**** Task material ****

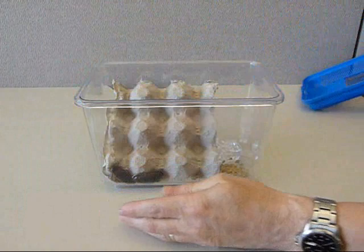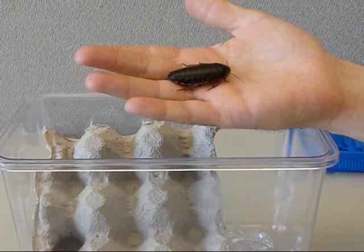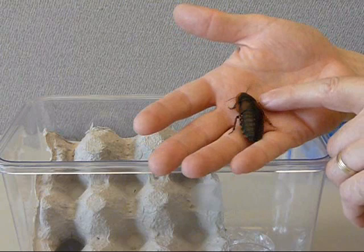Orange spotted roaches are fascinating insects. They are very different from the kind of household pests you might think of when you hear the word roach. These roaches can make great classroom pets because they are easy to care for and easy to observe.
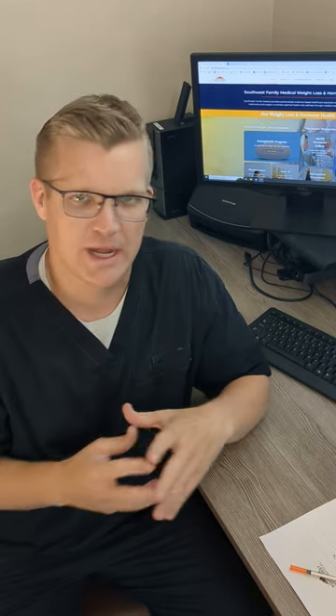Hi everybody, Scott Taylor here from Southwest Family Medical. The goal of this video is to help you feel comfortable doing injections and drawing up your injections in the comfort of your own home, so you don't have to come to our office once a week or twice a week. I want to take just a couple of minutes and show you how to safely, effectively, and very painlessly do injections on yourself at home.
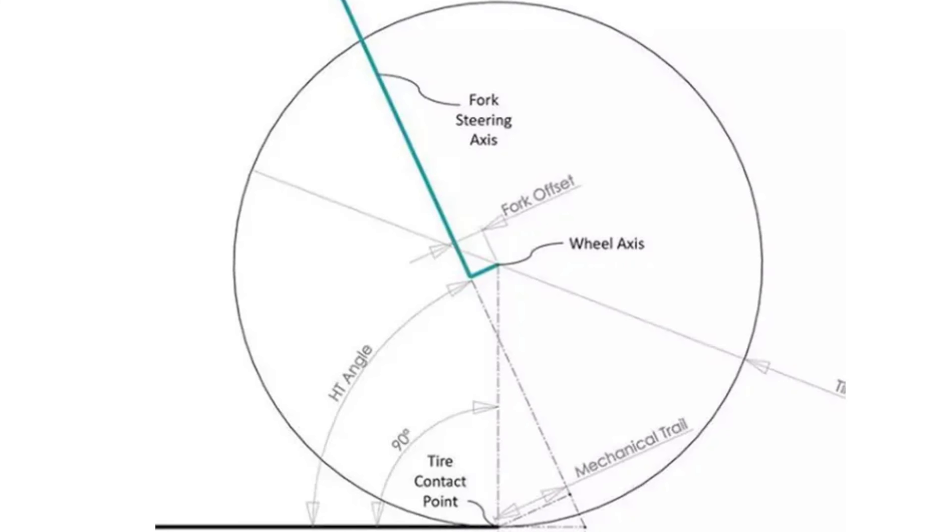Should your stem length match your fork offset? In this video, we're going to take a look at that and look at all the different size stems I've run and what conclusions I've come up with. So let's dive in.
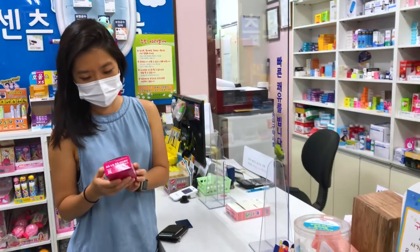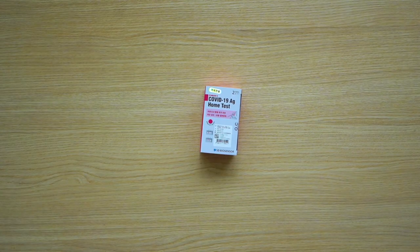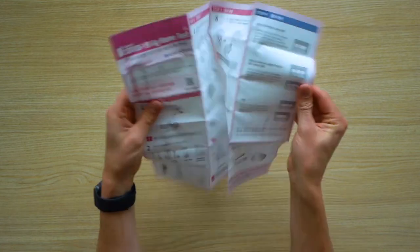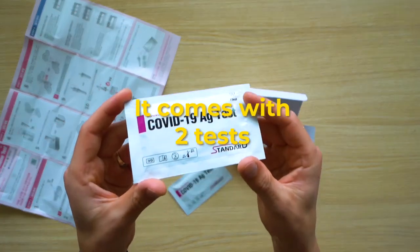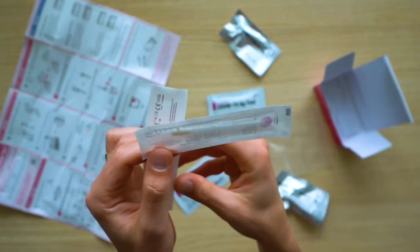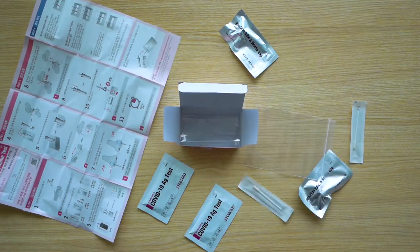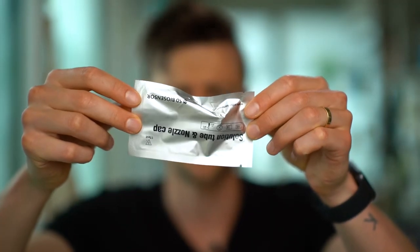Do you think it's gonna work? I mean, if it's negative it doesn't work. Anyways, I'm gonna test it out. First of all, let's see what's inside it. First thing: solution, nozzle cap.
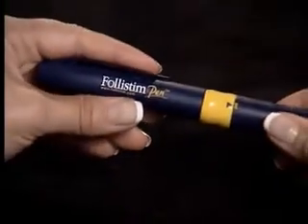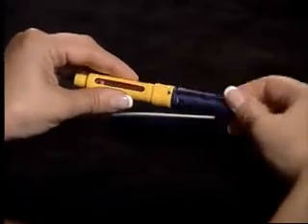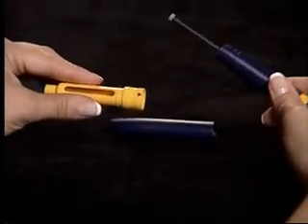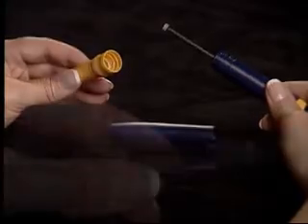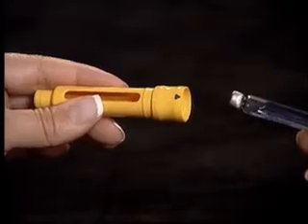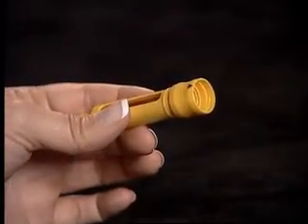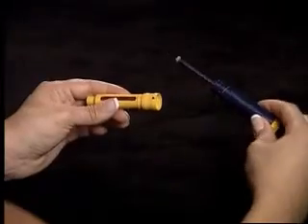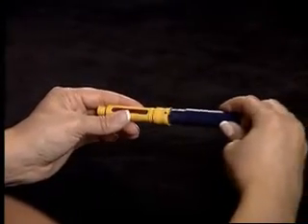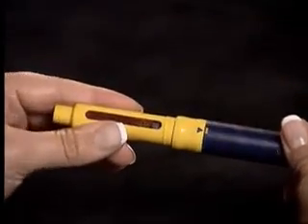Pull the cap off the pen and unscrew the pen body, separating the pen body from the cartridge holder. Clean the rubber stopper of the cartridge with an alcohol wipe and insert into the yellow cartridge holder, rubber stopper end first. Reconnect the pen body and cartridge holder, lining up the arrow and square on the pen.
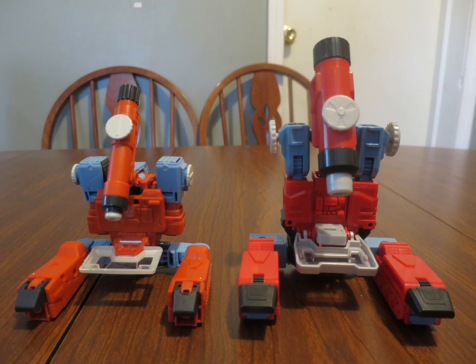None of them have alt modes that are 100% accurate. However, given the inconsistencies of the G1 cartoon, you could say the original toy is still more accurate. But that doesn't mean the Studio Series alt mode is completely inaccurate either.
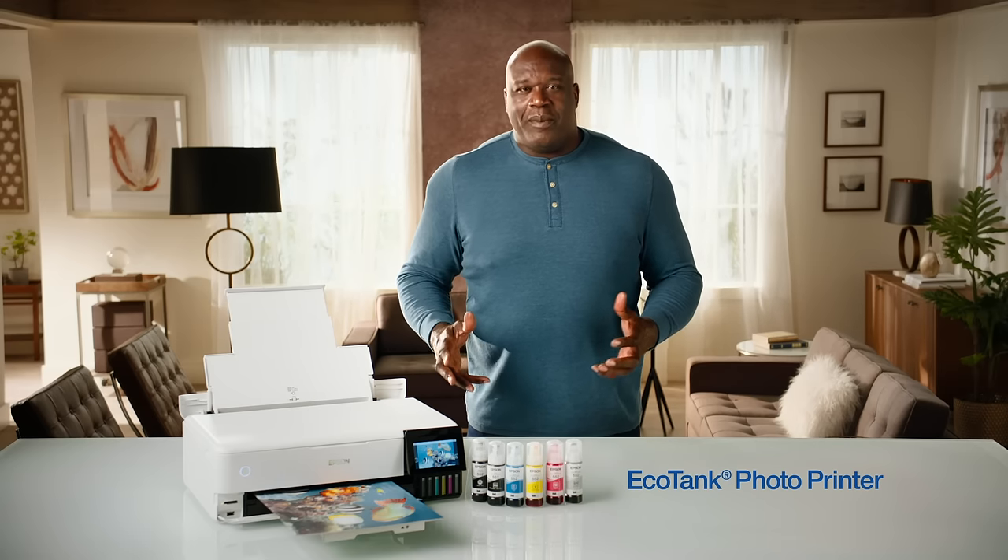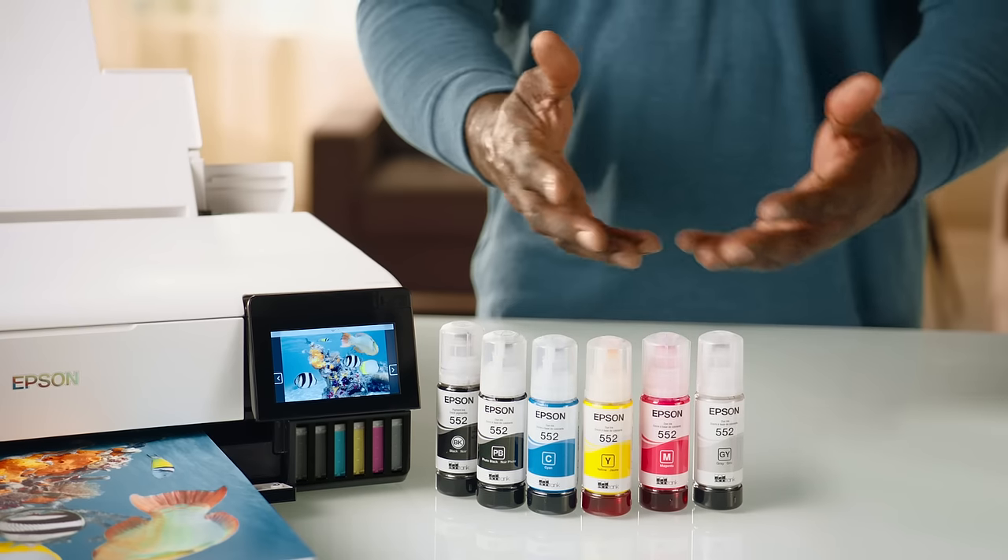For awesome photographic quality prints, Epson EcoTank Photo Printer, baby. Forget cartridges. You get big refillable ink tanks with six different colors of ink. And graphics and photos look amazing.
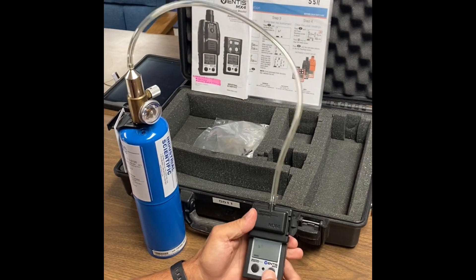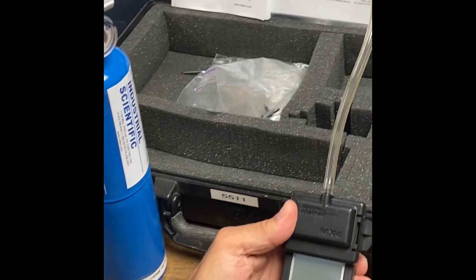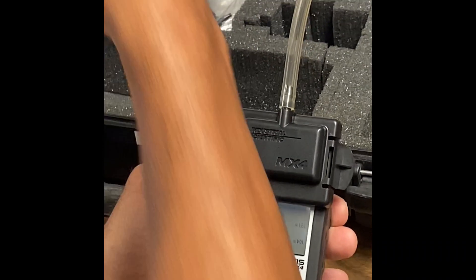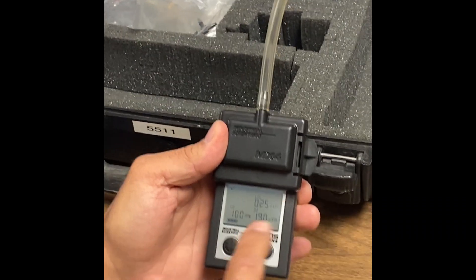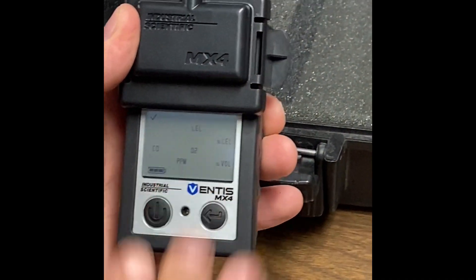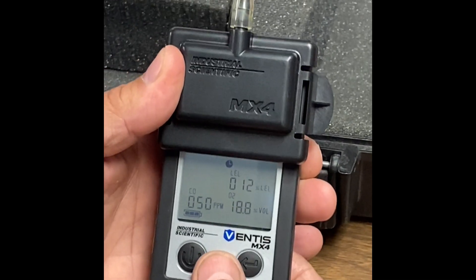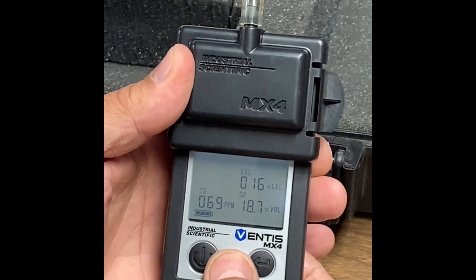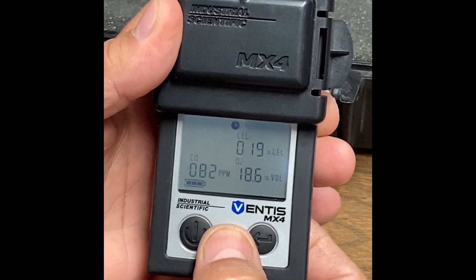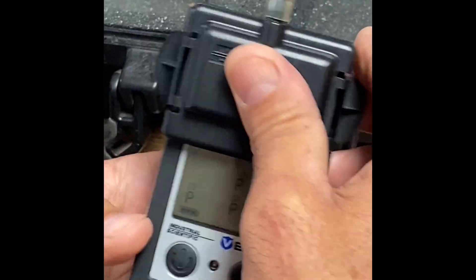Press the enter button, and then turn your gas on. You're going to see these three sensors flashing right here. All this is doing is making sure that the sensors are actually working properly. Put your finger over to keep it down. Within a couple seconds, you're going to see three P's — one, two, three. That means you're complete.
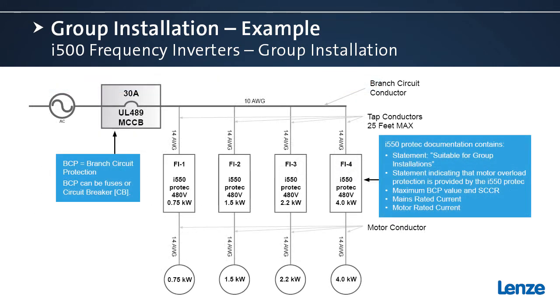Here's a bit more detail about that example and the methodology for calculation. We have our 30 amp UL 489 listed molded case circuit breaker, our branch circuit conductors at 10 gauge, our tap conductors at 14 gauge, and our motor conductors also at 14 gauge — all based on the calculations we just completed.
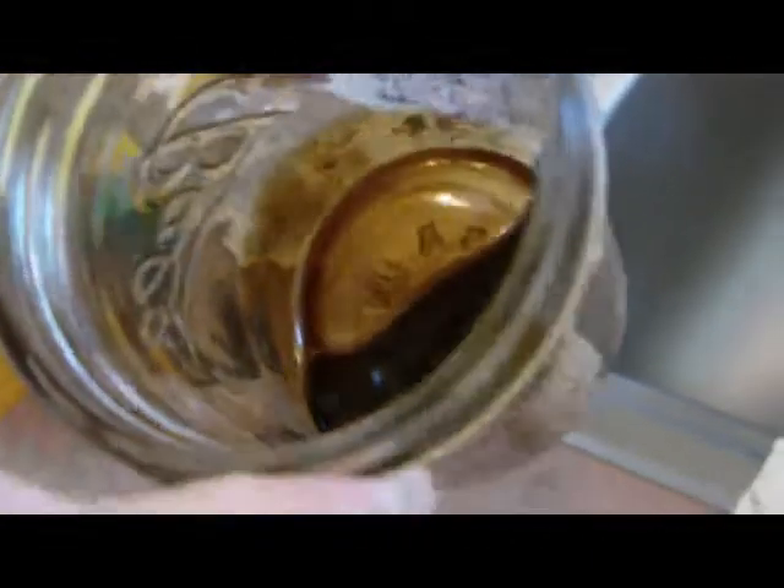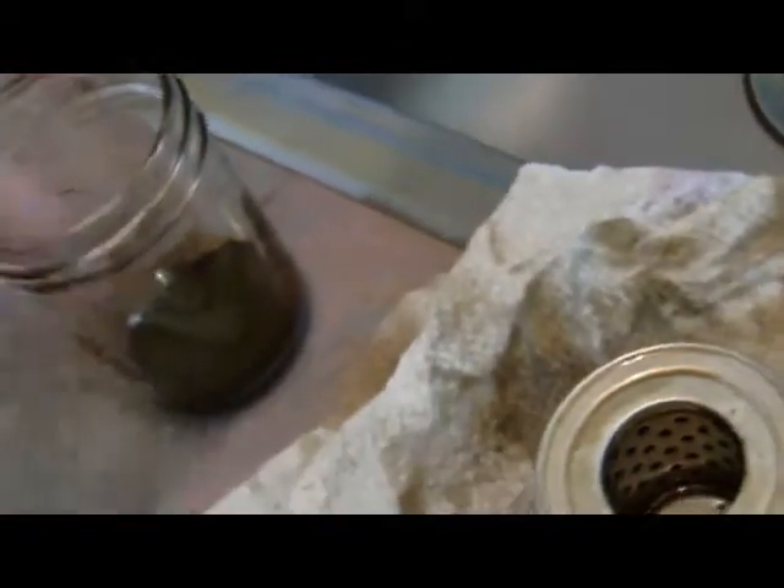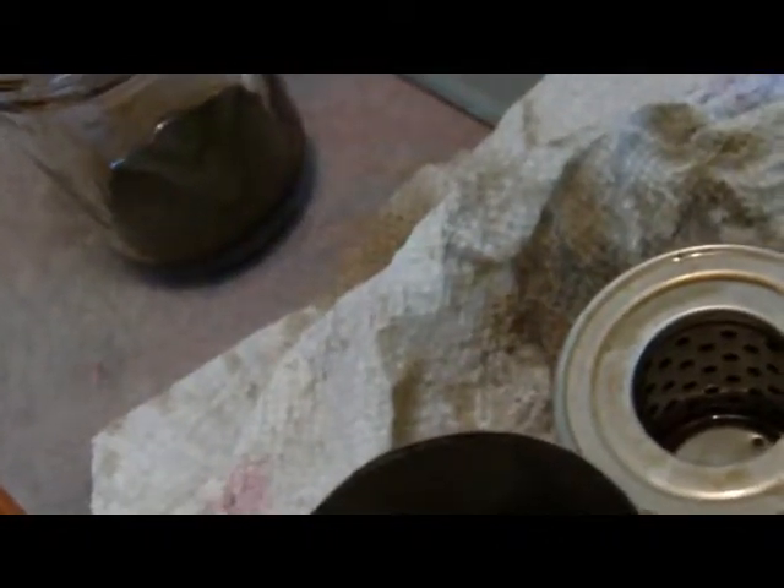This is what I want to show you. Here's the oil that came out of that filter — looks pretty normal to me, but when you rub it in your fingers you can feel the microfine grit that's inside it.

****

The problem - Only the lines from the one containing "Here's a bit" to the end of the listing belong in the answer, exactly as they stand and with no pictures.

Output for this task -
Here's a bit more detail about that example and the methodology for calculation. We have our 30 amp UL 489 listed molded case circuit breaker, our branch circuit conductors at 10 gauge, our tap conductors at 14 gauge, and our motor conductors also at 14 gauge — all based on the calculations we just completed.
This is what I want to show you. Here's the oil that came out of that filter — looks pretty normal to me, but when you rub it in your fingers you can feel the microfine grit that's inside it.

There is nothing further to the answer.